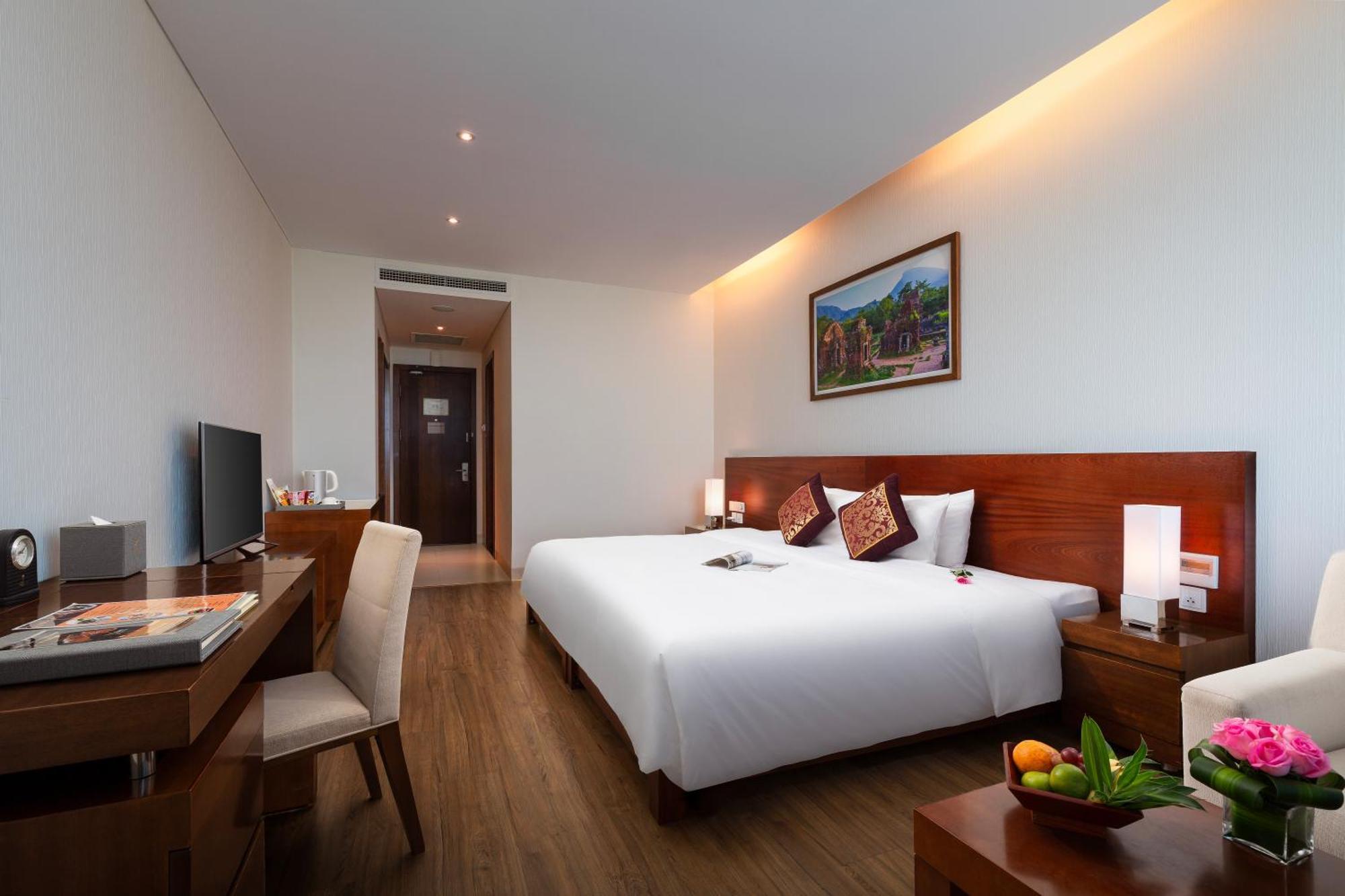 Grand Tourane Hotel Da Nang Bagian luar foto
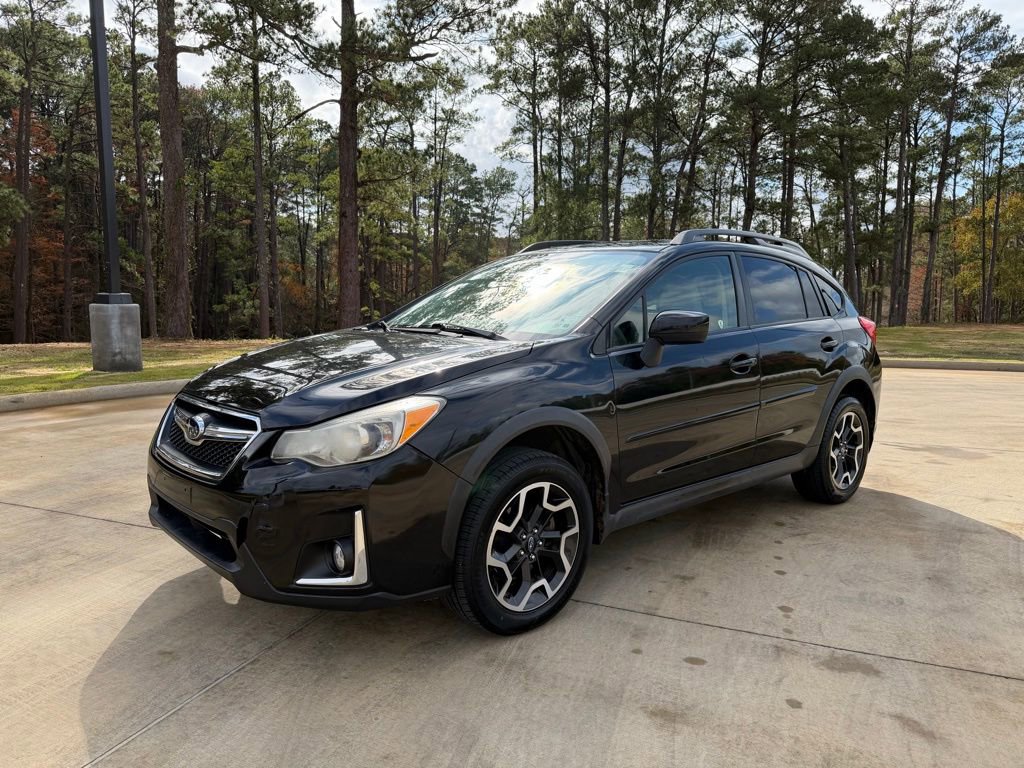 Used 2017 Subaru Crosstrek 2.0i Premium w/ Moonroof Package image 1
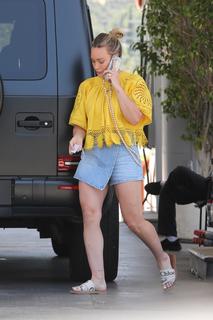 Hilary Duff feet photo thumbnail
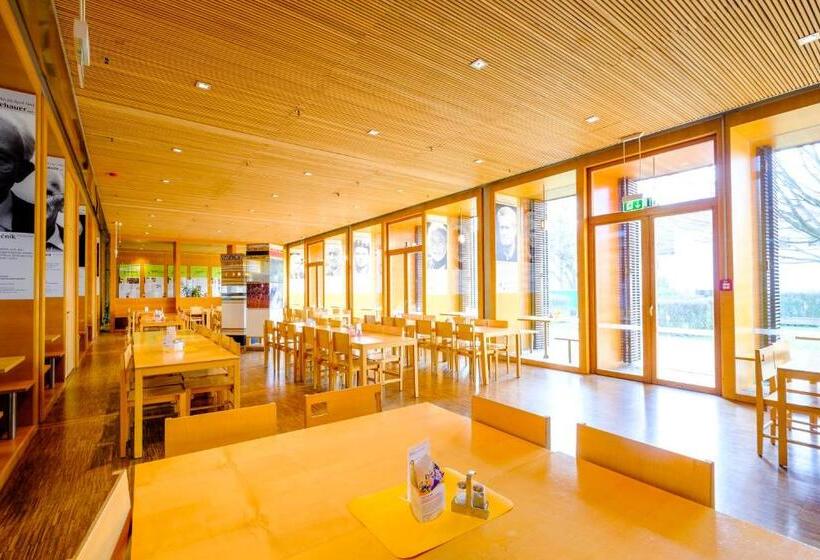 호스텔 Internationales Jugendgästehaus Dachau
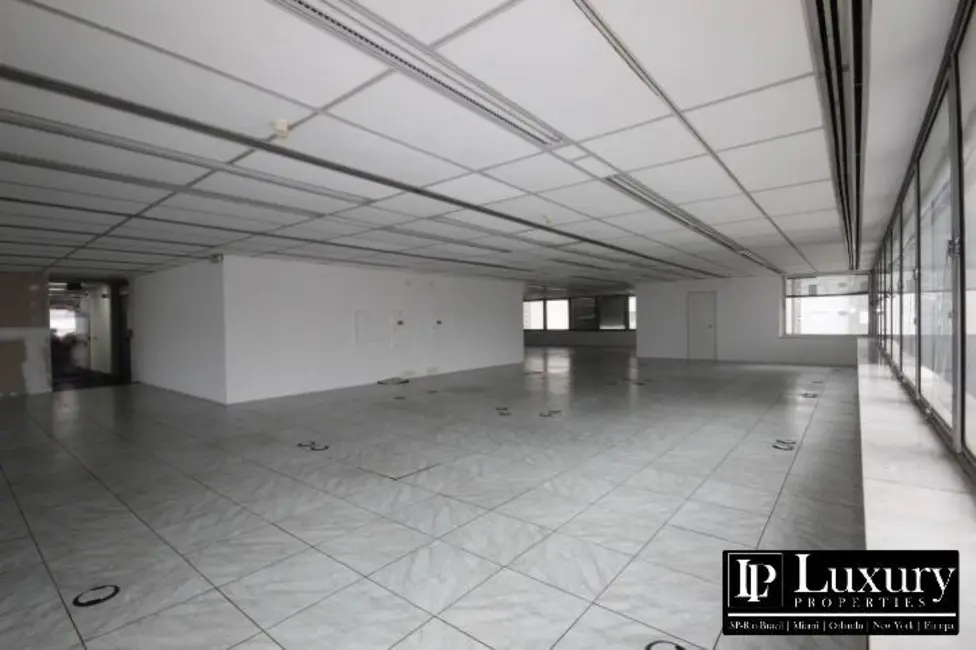 Sala Comercial à venda e para alugar, 134m2 em Itaim Bibi, São Paulo - SP - imagem 3 Foto 3 de Sala Comercial à venda e para alugar, 134m2 em Itaim Bibi, São Paulo - SP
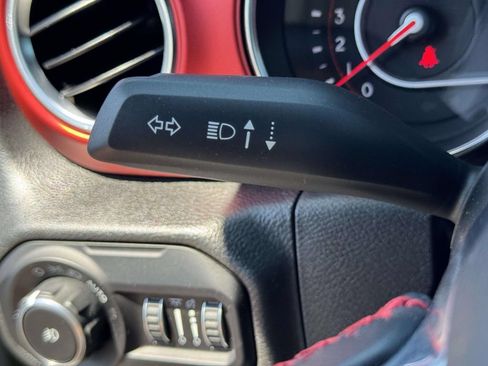Used 2022 Jeep Wrangler Unlimited Rubicon w/ LED Lighting Group AWD/4WD image 24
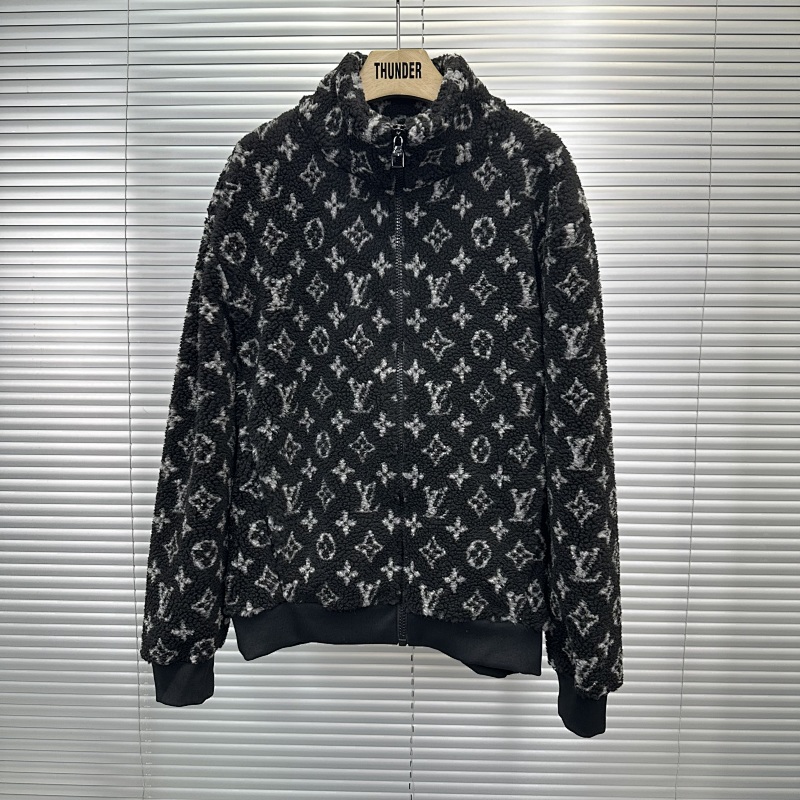Monogram fleece jacket price：328CNY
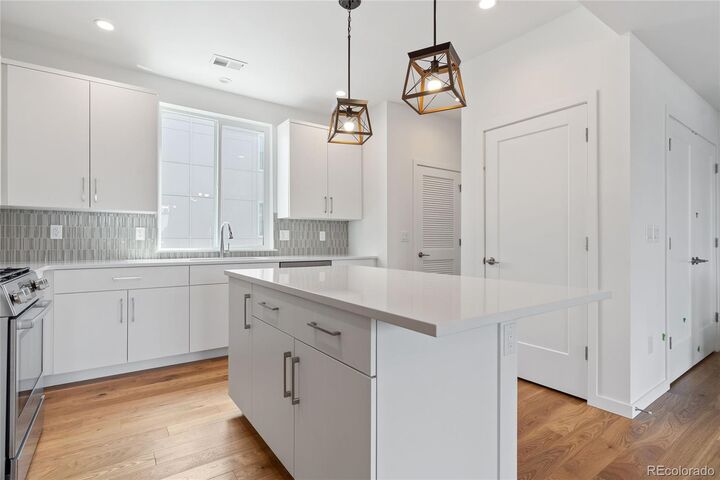 Property Photo: 8711 E Hampden Avenue 22 CO 80231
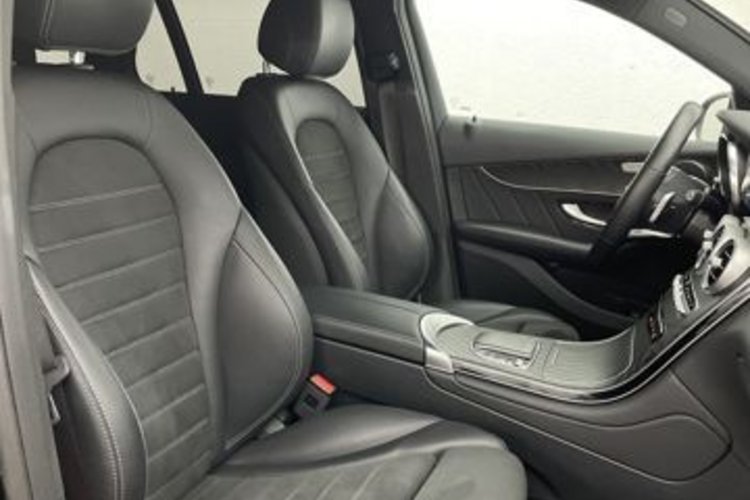 Mercedes-Benz GLC 300 GLC 300 e 4M AMG LINE KAMERA+19Z+CARPLAY+LED+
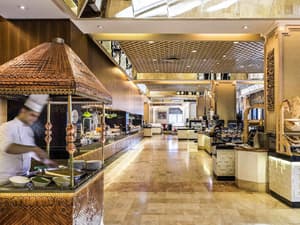 thumbnail: Restaurant
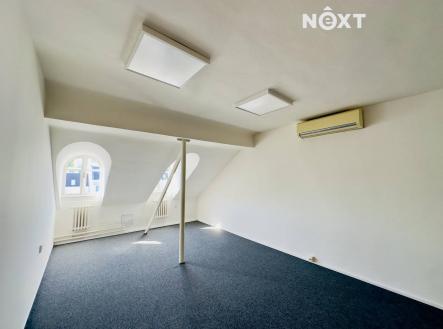 Pronájem - kanceláře, 76 m²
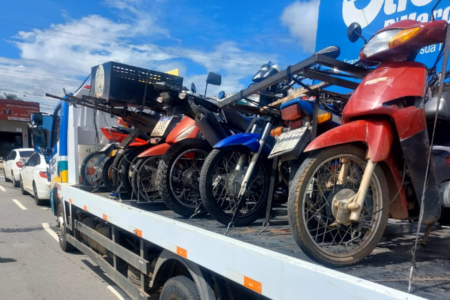 A imagem mostra diversas motocicletas no caminhão guincho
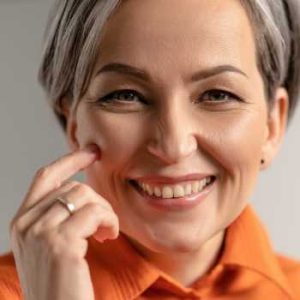 Lifting facial sin Cirugía con Radiesse en Madrid. Tratamiento rejuvenecimiento facial en DA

BRIEF: From the line containing "Mercedes-Benz GLC 300" to the last line of the material, every line is to be reproduced exactly. No picture belongs in the copy.

SOLUTION FOR THIS EXERCISE:
 Mercedes-Benz GLC 300 GLC 300 e 4M AMG LINE KAMERA+19Z+CARPLAY+LED+
 thumbnail: Restaurant
 Pronájem - kanceláře, 76 m²
 A imagem mostra diversas motocicletas no caminhão guincho
 Lifting facial sin Cirugía con Radiesse en Madrid. Tratamiento rejuvenecimiento facial en DA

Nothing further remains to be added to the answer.